The good part of the algorithm is fundamental change in the way we care for patients and fundamental change in what we get paid for. The predicate for that is an organizational structure that allows us to do the kind of reengineering that we think has got remarkable results and sustainability.

What does integration mean for quality of care?
The easiest example is probably the re-engineering of our heart surgery – the so-called “warranty.” All of our hospital leaders applied best practices across all platforms with our heart specialists. We created accountability from the point of diagnosis, to the hospital episode, to rehabilitation. Every patient was expected to hit each of the best practice marks throughout an entire episode. We couldn’t have come to that consensus without having a continuum of care that included cardiologists, cardiac surgeons, nurses, the administrators, the rehab people and, of course, the insurance companies. The deal that we made with the insurance companies came after the re-engineering. We increased the quality of patient outcomes from what was already a very good starting point and we decreased costs. We knew then that decreasing costs and increasing quality could cohabitate.

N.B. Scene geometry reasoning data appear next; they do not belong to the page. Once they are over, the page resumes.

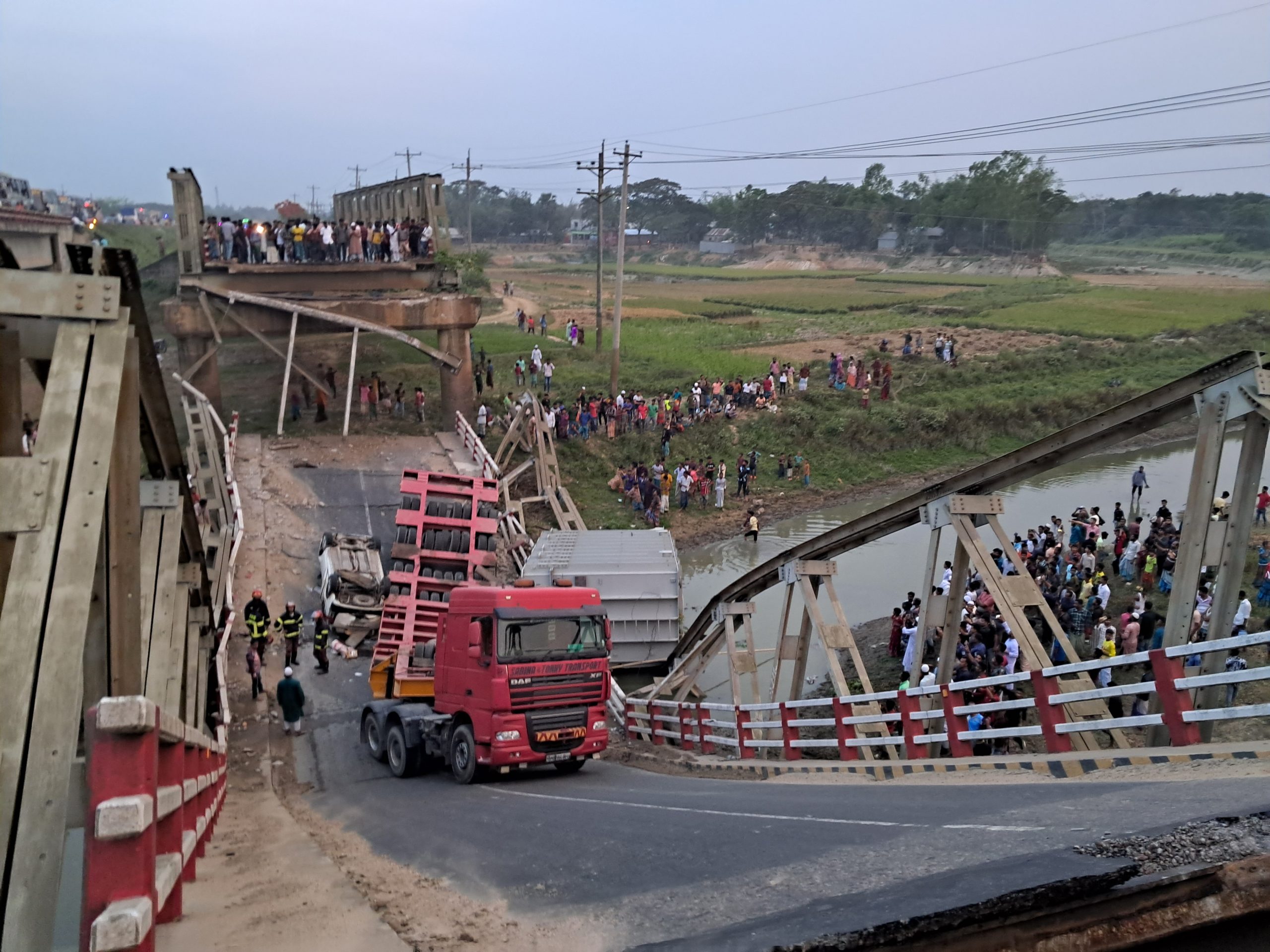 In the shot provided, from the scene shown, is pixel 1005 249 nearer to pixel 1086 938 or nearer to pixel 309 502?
pixel 309 502

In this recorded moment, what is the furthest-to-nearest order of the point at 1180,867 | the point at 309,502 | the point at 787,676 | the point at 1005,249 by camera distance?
the point at 1005,249
the point at 309,502
the point at 787,676
the point at 1180,867

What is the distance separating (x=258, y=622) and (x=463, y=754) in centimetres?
586

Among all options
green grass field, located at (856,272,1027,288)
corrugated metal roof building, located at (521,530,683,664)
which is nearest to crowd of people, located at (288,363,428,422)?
corrugated metal roof building, located at (521,530,683,664)

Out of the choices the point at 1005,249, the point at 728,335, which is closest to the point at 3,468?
the point at 728,335

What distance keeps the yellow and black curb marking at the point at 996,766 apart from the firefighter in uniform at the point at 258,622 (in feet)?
28.7

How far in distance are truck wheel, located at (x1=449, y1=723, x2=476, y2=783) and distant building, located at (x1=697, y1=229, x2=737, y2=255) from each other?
12780cm

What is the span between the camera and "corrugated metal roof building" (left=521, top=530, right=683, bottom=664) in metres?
21.3

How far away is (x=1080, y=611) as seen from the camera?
64.4 feet

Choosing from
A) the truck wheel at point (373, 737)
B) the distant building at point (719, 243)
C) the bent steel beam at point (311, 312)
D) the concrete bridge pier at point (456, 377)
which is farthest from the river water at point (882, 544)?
the distant building at point (719, 243)

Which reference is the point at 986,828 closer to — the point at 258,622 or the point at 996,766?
the point at 996,766

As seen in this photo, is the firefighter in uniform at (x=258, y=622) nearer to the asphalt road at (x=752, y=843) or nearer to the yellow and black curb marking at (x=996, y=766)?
the asphalt road at (x=752, y=843)

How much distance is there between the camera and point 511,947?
6.31 metres

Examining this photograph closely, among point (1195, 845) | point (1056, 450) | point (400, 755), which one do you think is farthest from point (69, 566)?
point (400, 755)

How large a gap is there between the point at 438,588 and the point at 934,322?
5159 cm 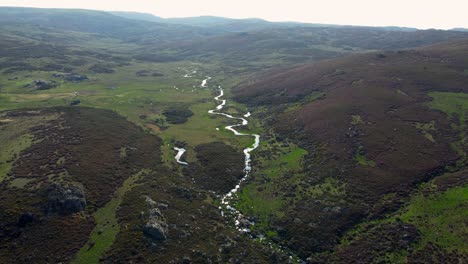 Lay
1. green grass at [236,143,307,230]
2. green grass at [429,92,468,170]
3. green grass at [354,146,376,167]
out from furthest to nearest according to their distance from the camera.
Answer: green grass at [354,146,376,167] < green grass at [429,92,468,170] < green grass at [236,143,307,230]

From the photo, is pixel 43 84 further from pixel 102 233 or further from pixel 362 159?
pixel 362 159

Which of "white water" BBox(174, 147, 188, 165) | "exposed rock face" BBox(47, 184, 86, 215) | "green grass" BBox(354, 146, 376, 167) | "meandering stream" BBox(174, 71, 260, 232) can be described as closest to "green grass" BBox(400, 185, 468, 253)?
"green grass" BBox(354, 146, 376, 167)

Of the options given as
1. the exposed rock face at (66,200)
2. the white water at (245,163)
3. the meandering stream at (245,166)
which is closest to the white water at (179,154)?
the meandering stream at (245,166)

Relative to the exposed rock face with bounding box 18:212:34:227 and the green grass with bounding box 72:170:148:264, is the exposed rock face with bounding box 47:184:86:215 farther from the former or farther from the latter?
the green grass with bounding box 72:170:148:264

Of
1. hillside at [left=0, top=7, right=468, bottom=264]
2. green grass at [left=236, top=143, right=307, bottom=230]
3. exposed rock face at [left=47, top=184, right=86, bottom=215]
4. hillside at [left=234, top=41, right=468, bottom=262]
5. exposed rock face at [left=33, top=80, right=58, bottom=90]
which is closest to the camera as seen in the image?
hillside at [left=0, top=7, right=468, bottom=264]

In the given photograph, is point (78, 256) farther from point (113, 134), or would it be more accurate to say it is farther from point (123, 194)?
point (113, 134)

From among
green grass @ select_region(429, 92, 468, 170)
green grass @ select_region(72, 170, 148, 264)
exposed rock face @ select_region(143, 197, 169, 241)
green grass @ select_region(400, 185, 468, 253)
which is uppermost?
green grass @ select_region(429, 92, 468, 170) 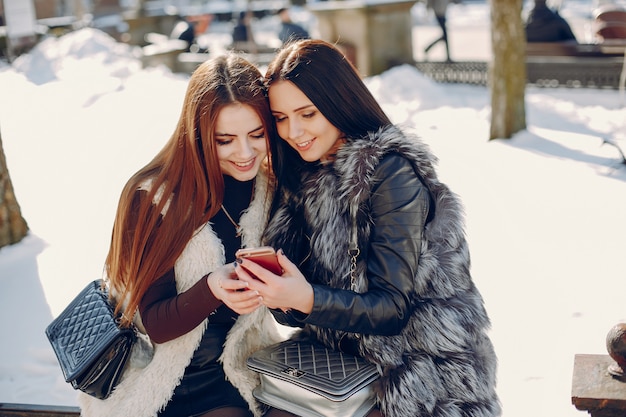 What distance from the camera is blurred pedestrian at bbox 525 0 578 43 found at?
1291 cm

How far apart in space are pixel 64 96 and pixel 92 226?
652 centimetres

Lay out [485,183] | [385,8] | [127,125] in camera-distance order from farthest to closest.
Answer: [385,8], [127,125], [485,183]

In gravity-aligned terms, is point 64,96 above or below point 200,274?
below

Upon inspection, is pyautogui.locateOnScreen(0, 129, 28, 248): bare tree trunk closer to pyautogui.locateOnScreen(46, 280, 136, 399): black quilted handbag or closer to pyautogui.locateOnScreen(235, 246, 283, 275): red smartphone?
pyautogui.locateOnScreen(46, 280, 136, 399): black quilted handbag

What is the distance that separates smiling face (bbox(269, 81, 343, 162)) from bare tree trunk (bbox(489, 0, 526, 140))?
265 inches

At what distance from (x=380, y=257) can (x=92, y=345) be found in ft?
3.50

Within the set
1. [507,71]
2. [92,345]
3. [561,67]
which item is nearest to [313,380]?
[92,345]

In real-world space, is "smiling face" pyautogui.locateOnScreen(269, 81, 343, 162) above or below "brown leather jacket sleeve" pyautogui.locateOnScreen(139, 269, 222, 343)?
above

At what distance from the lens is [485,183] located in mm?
7605

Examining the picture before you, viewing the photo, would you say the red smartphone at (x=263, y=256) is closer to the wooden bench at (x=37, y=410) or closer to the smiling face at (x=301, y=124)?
the smiling face at (x=301, y=124)

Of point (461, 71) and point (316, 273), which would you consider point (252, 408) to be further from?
point (461, 71)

Will healthcare reform have to be addressed again, perhaps in the near future, even given the recent federal legislation?
Absolutely. I guarantee you that we will have patient demand beyond what has been in the various models for the legislation. Not that I disagree with what happened. I think it’s good that we have 32 million people insured who were previously uninsured, but there is going to be a huge amount to do. If we don’t innovate dramatically, if we don’t create real or virtual integrated delivery systems, then we’re going to end up with price controls and rationing in a much more unpalatable way.

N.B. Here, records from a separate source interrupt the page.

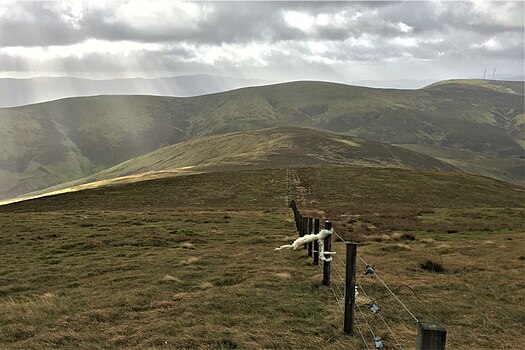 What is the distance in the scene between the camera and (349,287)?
10844mm

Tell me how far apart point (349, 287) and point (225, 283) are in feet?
24.4

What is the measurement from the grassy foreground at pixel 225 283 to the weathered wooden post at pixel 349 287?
443 millimetres

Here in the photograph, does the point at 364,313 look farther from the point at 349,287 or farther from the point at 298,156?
the point at 298,156

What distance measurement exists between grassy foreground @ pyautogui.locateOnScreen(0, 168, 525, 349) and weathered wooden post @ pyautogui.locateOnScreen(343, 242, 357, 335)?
443 mm

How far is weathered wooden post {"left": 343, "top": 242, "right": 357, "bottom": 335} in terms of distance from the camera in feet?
35.1

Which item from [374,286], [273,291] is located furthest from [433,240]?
[273,291]

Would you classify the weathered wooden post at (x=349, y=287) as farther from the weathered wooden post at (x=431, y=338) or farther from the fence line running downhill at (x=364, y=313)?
the weathered wooden post at (x=431, y=338)

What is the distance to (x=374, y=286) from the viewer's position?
16.5m

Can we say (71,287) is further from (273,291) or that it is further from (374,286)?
(374,286)

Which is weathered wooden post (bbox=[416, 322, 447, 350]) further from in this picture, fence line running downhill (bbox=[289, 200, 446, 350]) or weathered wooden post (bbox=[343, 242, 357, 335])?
weathered wooden post (bbox=[343, 242, 357, 335])

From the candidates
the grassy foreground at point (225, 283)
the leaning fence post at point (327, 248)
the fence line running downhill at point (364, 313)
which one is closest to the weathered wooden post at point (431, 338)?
the fence line running downhill at point (364, 313)

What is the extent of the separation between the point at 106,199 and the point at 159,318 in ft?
222

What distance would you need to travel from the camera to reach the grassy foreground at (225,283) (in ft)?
37.7

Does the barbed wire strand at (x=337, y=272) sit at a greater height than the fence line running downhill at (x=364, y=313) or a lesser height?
lesser
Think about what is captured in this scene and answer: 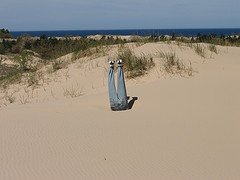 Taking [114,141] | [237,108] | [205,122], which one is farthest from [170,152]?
[237,108]

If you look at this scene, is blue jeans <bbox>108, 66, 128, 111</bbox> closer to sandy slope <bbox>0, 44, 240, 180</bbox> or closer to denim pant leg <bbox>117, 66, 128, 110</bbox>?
denim pant leg <bbox>117, 66, 128, 110</bbox>

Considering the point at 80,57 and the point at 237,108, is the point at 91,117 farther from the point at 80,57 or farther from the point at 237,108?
the point at 80,57

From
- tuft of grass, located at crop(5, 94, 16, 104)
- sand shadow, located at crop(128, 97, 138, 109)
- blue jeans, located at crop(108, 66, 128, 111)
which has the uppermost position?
blue jeans, located at crop(108, 66, 128, 111)

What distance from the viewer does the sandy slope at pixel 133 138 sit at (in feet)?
8.81

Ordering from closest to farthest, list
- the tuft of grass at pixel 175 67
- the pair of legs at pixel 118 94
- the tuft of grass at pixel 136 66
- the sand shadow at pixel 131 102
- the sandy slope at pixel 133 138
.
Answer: the sandy slope at pixel 133 138 → the pair of legs at pixel 118 94 → the sand shadow at pixel 131 102 → the tuft of grass at pixel 175 67 → the tuft of grass at pixel 136 66

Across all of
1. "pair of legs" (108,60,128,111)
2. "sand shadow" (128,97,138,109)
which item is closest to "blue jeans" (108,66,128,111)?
"pair of legs" (108,60,128,111)

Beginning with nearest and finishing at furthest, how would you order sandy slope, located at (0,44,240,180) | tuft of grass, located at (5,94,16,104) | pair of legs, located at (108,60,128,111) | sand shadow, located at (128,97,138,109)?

Do you take a different approach when you address an audience of finance executives on the subject of integration than those on the clinical side?
In general, I have two kinds of reservoirs of knowledge. I am privileged to be on the advisory committee for the HFMA board. I find that to be an extremely interesting and valuable exercise. I have been saying that the finance task must be an integral part of the re-engineering of care at the level of the actual service lines, or the units of service, whether they are discipline-based or interdisciplinary service lines. When you re-engineer care, you need to know the real cost of each component of that care over the episode, before and after you re-engineer it. If we can attack unjustified variation, and if it’s like any other complex logistics task, in general you find that you have decreased cost and increased quality. Why shouldn’t that be true in our very complex healthcare task? But in order to verify that, you must have the cost accounting down to every aspect of what you do. You must know the actual cost of everything you do. That puts the CFO as a partner to the administrative clinical leader who is in charge of the re-engineering. That’s pretty energizing.

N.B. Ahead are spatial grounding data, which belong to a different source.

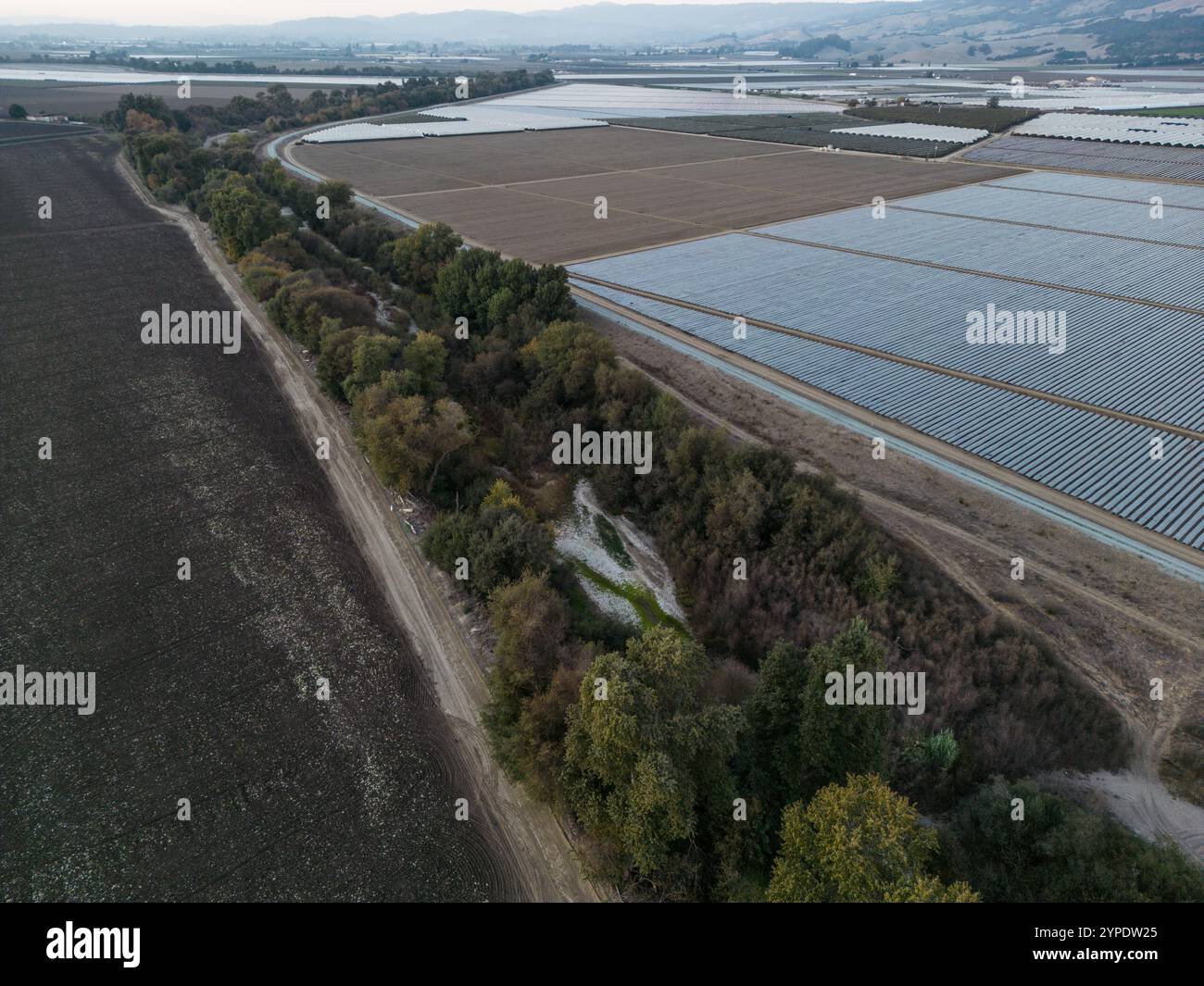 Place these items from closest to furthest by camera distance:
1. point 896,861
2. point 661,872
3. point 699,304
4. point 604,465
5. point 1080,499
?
point 896,861
point 661,872
point 1080,499
point 604,465
point 699,304

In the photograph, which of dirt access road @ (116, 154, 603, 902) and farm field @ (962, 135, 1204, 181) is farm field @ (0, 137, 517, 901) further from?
farm field @ (962, 135, 1204, 181)

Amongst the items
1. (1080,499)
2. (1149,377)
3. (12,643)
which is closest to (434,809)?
(12,643)

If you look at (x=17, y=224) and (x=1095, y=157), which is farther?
(x=1095, y=157)

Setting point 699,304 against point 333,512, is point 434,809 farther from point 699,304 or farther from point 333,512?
point 699,304

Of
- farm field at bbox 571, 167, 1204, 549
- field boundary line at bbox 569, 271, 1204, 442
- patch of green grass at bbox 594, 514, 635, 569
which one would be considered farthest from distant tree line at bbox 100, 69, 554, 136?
A: patch of green grass at bbox 594, 514, 635, 569

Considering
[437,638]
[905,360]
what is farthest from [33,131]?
[905,360]

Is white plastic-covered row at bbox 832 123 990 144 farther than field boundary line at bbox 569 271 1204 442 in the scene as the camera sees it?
Yes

As we try to create this change in how we get reimbursed, there will be a lot of difficult challenges. Here at Geisinger we’re in the same boat. About 75 percent of what we’re paid is in the old piece-rate way. It’s only 25 percent of our business that we’re really committing to innovation, because that’s the amount of business that we’re insuring with our own insurance company. We have our own hybrid model here. We need the CFO to ensure that between those two very different reimbursement models we’re creating the bottom line operating margin that will allow us to capitalize our depreciation, to build our new programs, etc. It’s walking and chewing gum at the same time, which is always difficult.